Installation
System requirements
| Python | 3.11, 3.12, or 3.13 |
| OS | Linux or macOS |
| GPU (optional) | NVIDIA (CUDA / Vulkan), AMD (ROCm), Intel (SYCL / OpenVINO), Apple Silicon (Metal) |
| RAM | depends on the model you want to run (a 7B model in Q4 is ~5 GB) |
CPU-only is fully supported — it’ll just be slower.
Install (uv, recommended)
uv installs inferhost into its own isolated environment and puts it on your PATH as a normal command:
uv tool install inferhost
Install with the LiteLLM gateway
The optional gateway adds friendly aliases, routing, and rate limits across many providers. Install the [gateway] extra with whichever installer you prefer:
uv tool install 'inferhost[gateway]'
# or
pipx install 'inferhost[gateway]'
# or, inside an existing venv:
pip install 'inferhost[gateway]'
Install (pipx)
If you already use pipx for global CLI apps:
pipx install inferhost
Install (pip)
pip install inferhost works too, but only inside an existing virtual environment — if you run it on the system Python you’ll likely hit PEP 668 (externally-managed-environment). Prefer uv tool or pipx for a global install.
pip install inferhost
⚠️ Don’t use uv add inferhost
uv add adds a package as a project dependency, meaning:
- It edits whatever
pyproject.tomlis in your current directory - The
inferhostcommand is only available viauv run inferhostfrom inside that project - Upgrades go through
uv lock --upgrade-package inferhost && uv sync
inferhost is a CLI app you launch, not a library you import from your code, so the right tool is uv tool install (or pipx install).

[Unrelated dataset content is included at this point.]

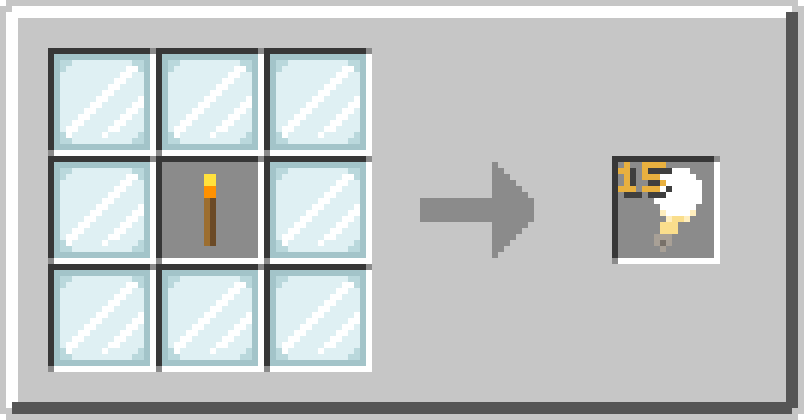 UnseenLight crafting recipe: 8 glass panes around a torch craft one invisible light block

If you’ve already done uv add inferhost, switch over with:
uv remove inferhost # from inside the project you ran `uv add` in
uv tool install inferhost # then, from anywhere
Upgrade
uv tool upgrade inferhost # if installed with `uv tool`
pipx upgrade inferhost # if installed with pipx
pip install -U inferhost # if installed with pip (inside the venv)

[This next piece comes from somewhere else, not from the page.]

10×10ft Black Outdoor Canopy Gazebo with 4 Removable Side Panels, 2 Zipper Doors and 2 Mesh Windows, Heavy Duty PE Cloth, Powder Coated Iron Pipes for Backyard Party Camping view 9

Pin to a specific version:
uv tool install --force 'inferhost==0.4.13'
Check the installed version:
uv tool list | grep inferhost
Uninstall
Remove the package:
uv tool uninstall inferhost # if installed with `uv tool`
pipx uninstall inferhost # if installed with pipx
pip uninstall inferhost # if installed with pip
Inferhost keeps runtime files outside the Python install. To remove the runtime binaries, logs, PID files, and the model registry, also run:
rm -rf ~/.local/share/inferhost # llama-server / llama-swap binaries, logs, PIDs
rm -rf ~/.config/inferhost # model registry + generated llama-swap.yaml / litellm.yaml
Downloaded GGUFs live in the Hugging Face cache (~/.cache/huggingface/hub/) and are not removed by the steps above. They’re reusable by any other Hugging Face tool, so most people leave them alone. To delete them anyway:
rm -rf ~/.cache/huggingface/hub/models--*
First launch
inferhost
On the very first launch, inferhost downloads two runtime binaries to ~/.local/share/inferhost/bin/:
- llama-server — from the upstream llama.cpp project, in whichever GPU backend matches your hardware.
- llama-swap — the lazy-loading proxy from mostlygeek/llama-swap.
You’ll see a progress bar for each. After that, the dashboard opens and you’re ready to add a model.
Choosing the GPU backend
inferhost auto-detects the best backend for your hardware. If you want to pin it explicitly, set an environment variable before launching:
export INFERHOST_LLAMACPP_BACKEND=cuda # or vulkan, rocm, sycl, openvino, cpu
inferhost
See the Configuration page for the full list.
Verify
After the install screen, the dashboard’s top bar shows the live endpoint, e.g.:
● llama-swap http://localhost:9090/v1
The green ● means the daemon is up. Press a to add your first model.